Burrows supported the Federation's commitment to socialism in 1884, when it was renamed the Social Democratic Federation (SDF). Often writing under the pseudonym C.V., he contributed articles to its newspaper, Justice. He represented the group on the executive of the Law and Liberty League.

With Annie Besant—whom he had met through his connection with Bradlaugh and the National Secular Society—Burrows was a key organiser of the Bryant & May matchgirls' strike of 1888, and afterwards became the treasurer of the Union of Women Matchmakers, then the largest women's trade union in England. Burrows actively promoted unionisation among workers, and the success of the matchgirls' strike helped to galvanise the trade union movement. He maintained an active role in the Women's Trade Union League and the Women's Industrial Council until 1917.

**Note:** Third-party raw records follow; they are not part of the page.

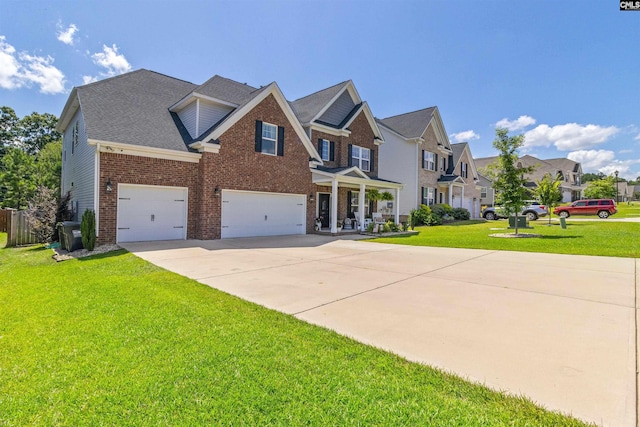 214 Chapin Brook Ct, Chapin, SC 29036 - view of front of house featuring brick siding, driveway, a residential view, a front yard, and an attached garage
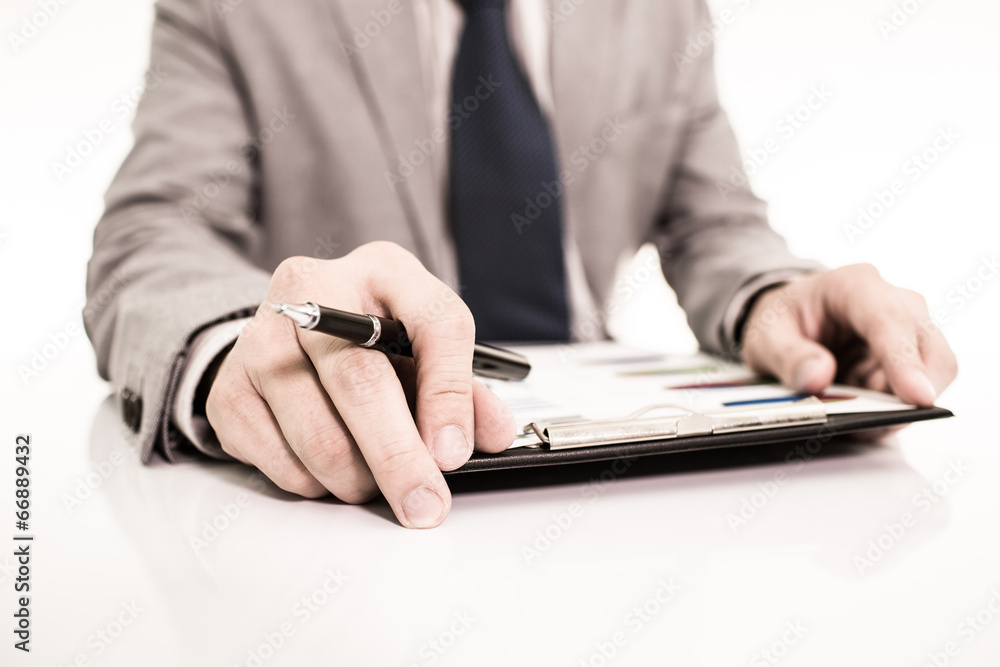 Businessman analyzing investment charts with laptop Businessman analyzing investment charts with laptop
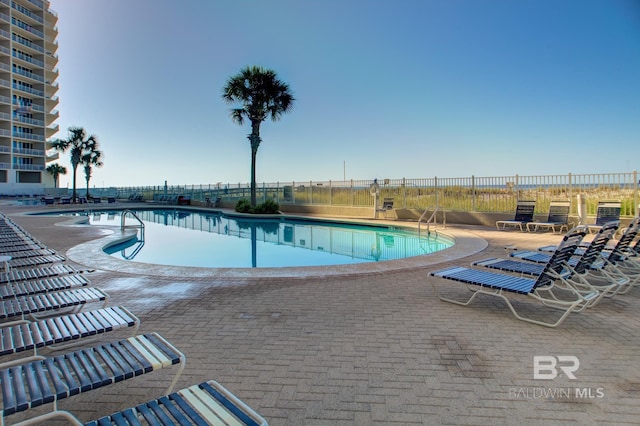 455 E Beach Blvd Unit 402, Gulf Shores, AL 36542 - pool featuring fence and a patio area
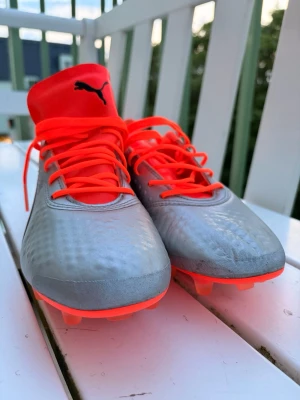 Puma silverröda fotbollsskor stl 40 - Snygga fotbollsskor från Puma i silver med röda detaljer, snörning och dobbar. Ovandelen är i syntetmaterial och skon har en högre plös med Puma-logga. Perfekta för dig som vill sticka ut på planen.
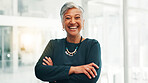 Arms crossed, business and mature woman laughing in office for investment, venture capital or funny. Professional boss, portrait or happy executive with confidence for private equity with experience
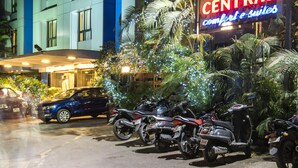 En parkeringsplats med flera motorcyklar och en bil, en byggnad med en skylt som visar texten ”Park Central”, och några palmer.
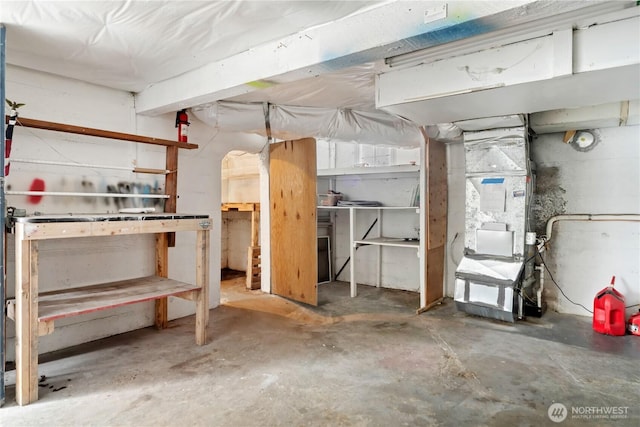 unfinished basement featuring heating unit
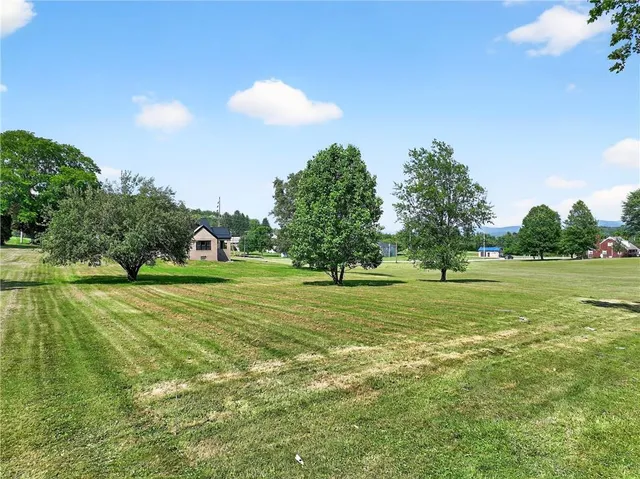 a view of a golf course with a trees
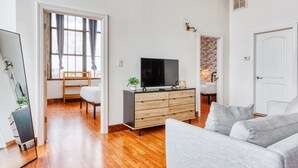 A modern living room with a flat-screen TV, a grey sofa, and a wooden cabinet. - Sosuite 2BR Penthouse w W D Gym On-site Bar (Philadelphia)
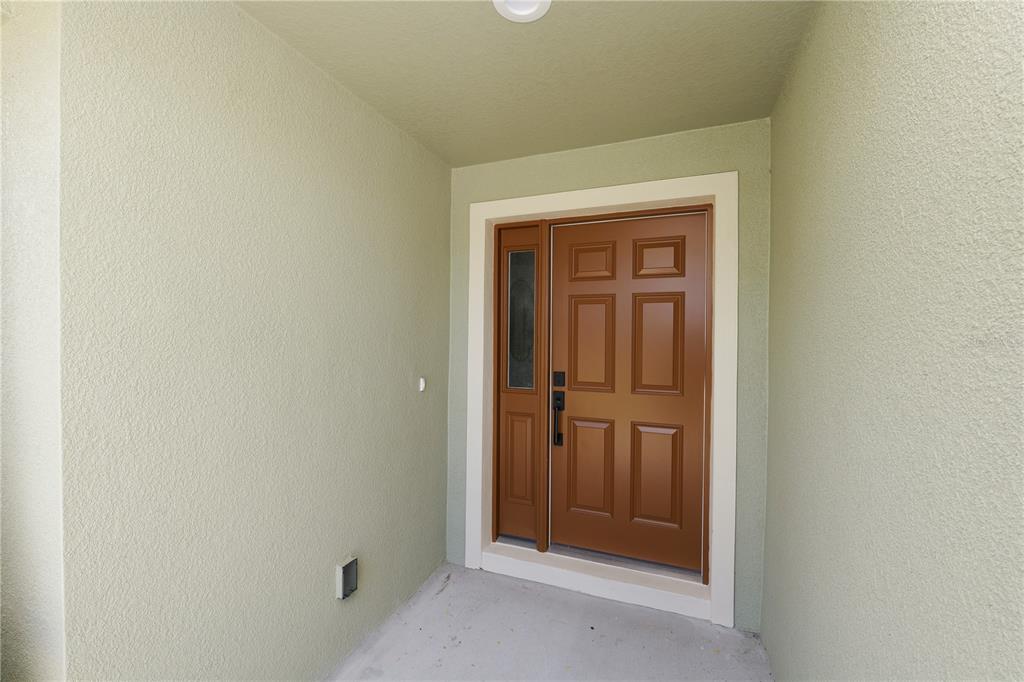 A brown front door with a side window is set within a light-colored stucco entryway — 23 8TH ST S, EAGLE LAKE, FL
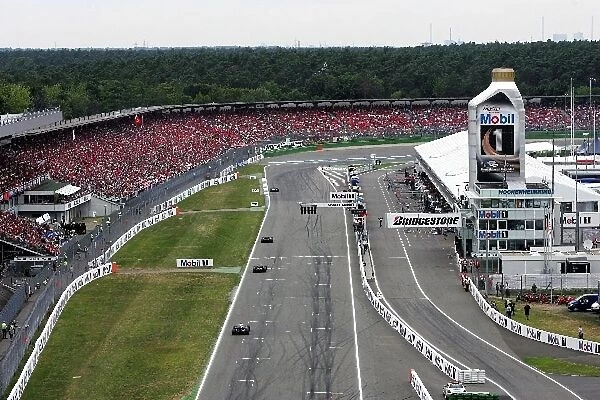 Formula One World Championship: View from high in the grandstand as Kimi Raikkonen McLaren Mercedes MP4-20 leads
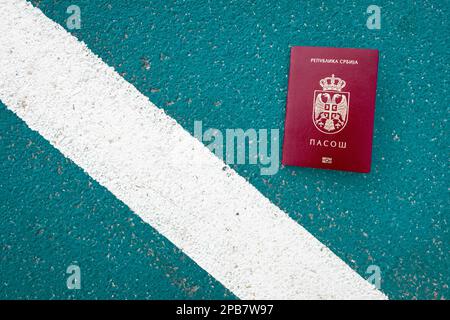 Passeport national serbe à côté d'une ligne blanche au sol. Symbolique, frontière Banque D'Images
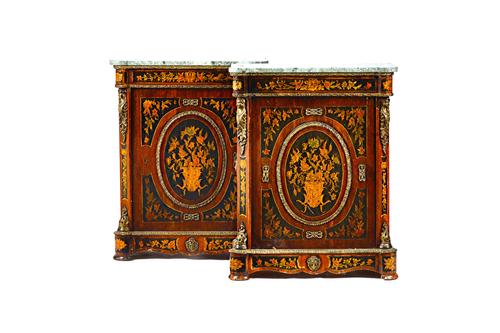 A pair of Victorian style pier cabinets, each with shaped marble top over a faux marquetry gilt metal mounted single door base, 75cm wide x 95cm high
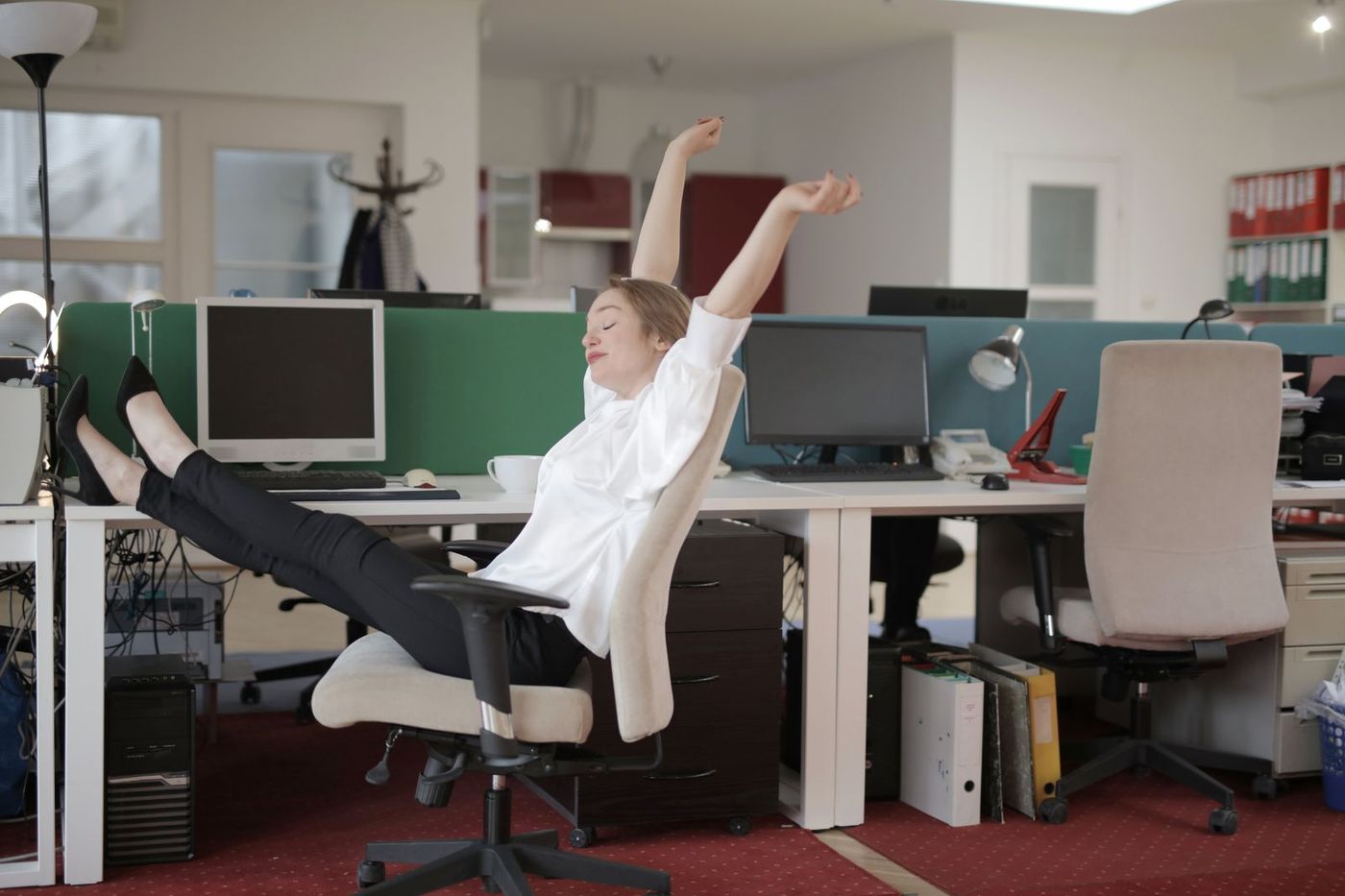 Office worker leaning back in a desk chair stretching both arms overhead in an open-plan office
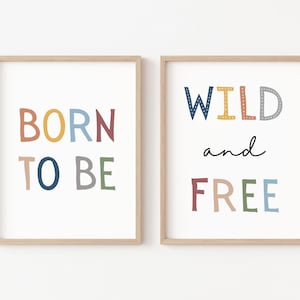 以下が含まれることがあります： カラフルなテキストが書かれた額装されたプリントが2枚。最初のプリントには「BORN TO BE」と虹色の文字で書かれています。2枚目のプリントには「WILD and FREE」と虹色の文字で書かれています。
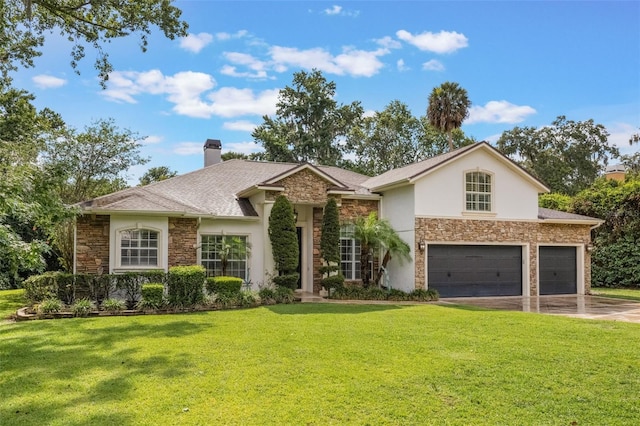 1874 Royal Majesty Ct, Oviedo, FL 32765 - view of front of property featuring stone siding, stucco siding, and a front yard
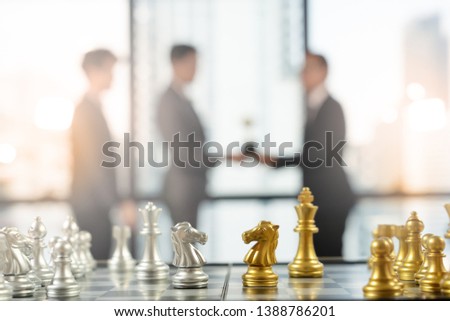 Chess piece and Chess board with success businessman on background, strategic situation, confrontation and competition among two partie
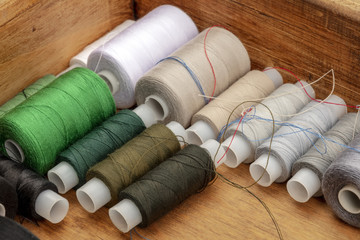Fototapeta na wymiar A closeup photo of sewing thread spools, beige and brown, in a wooden box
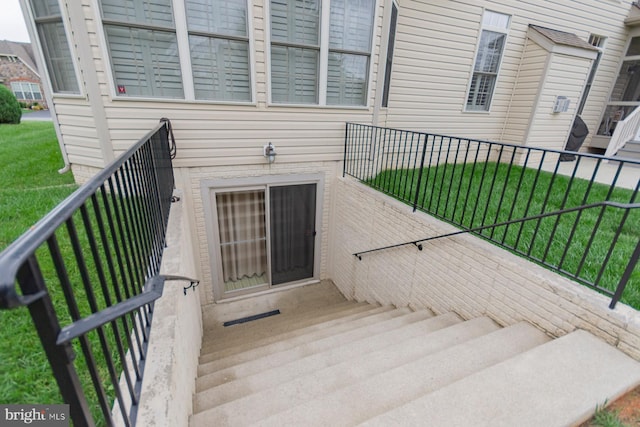 doorway to property featuring a yard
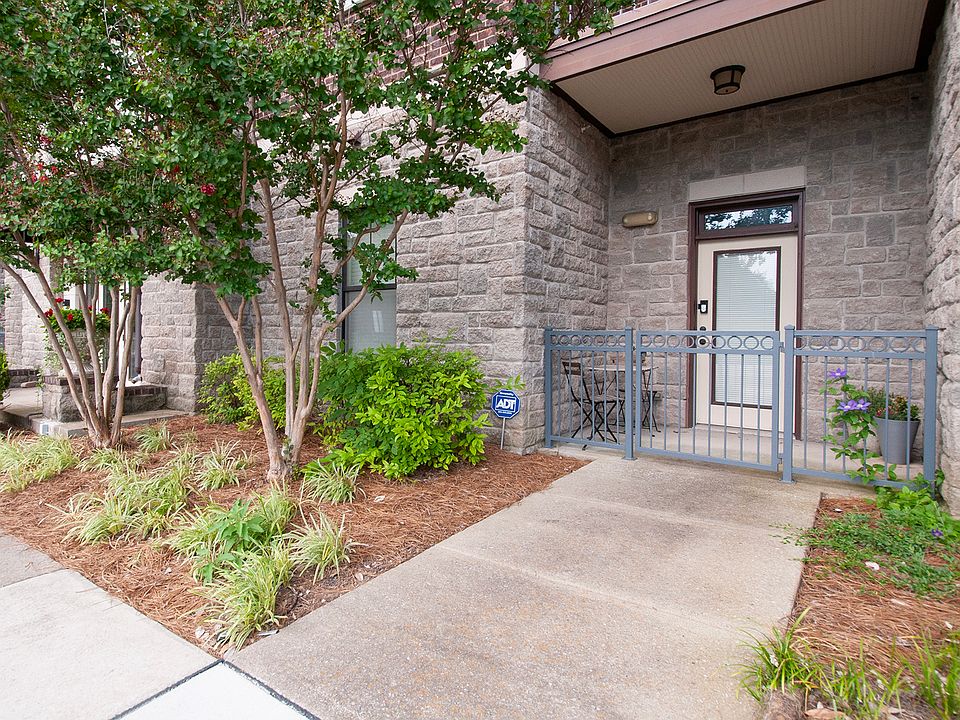 Unit 102 has private street access through a covered front porch overlooking Dragon Park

Burrows also became a prominent member of South Place Ethical Society, the Rainbow Circle, the Theosophical Society, the International Arbitration and Peace Association and the International Arbitration League. From 1907 until 1922, Burrows was Appointed Lecturer to the South Place Ethical Society, now Conway Hall Ethical Society. Burrows served on the Humanitarian League's Executive Committee. He was a teetotaller, vegetarian, and lifelong pacifist.

Burrows stood for Parliament unsuccessfully in the 1908 Haggerston by-election, and again in Haggerston in 1910. He resigned from the SDF (then the Social Democratic Party) in 1911.

== Death ==
Afflicted by paralysis from 1917, Burrows died at his home in Highbury Park, London on 14 December 1922.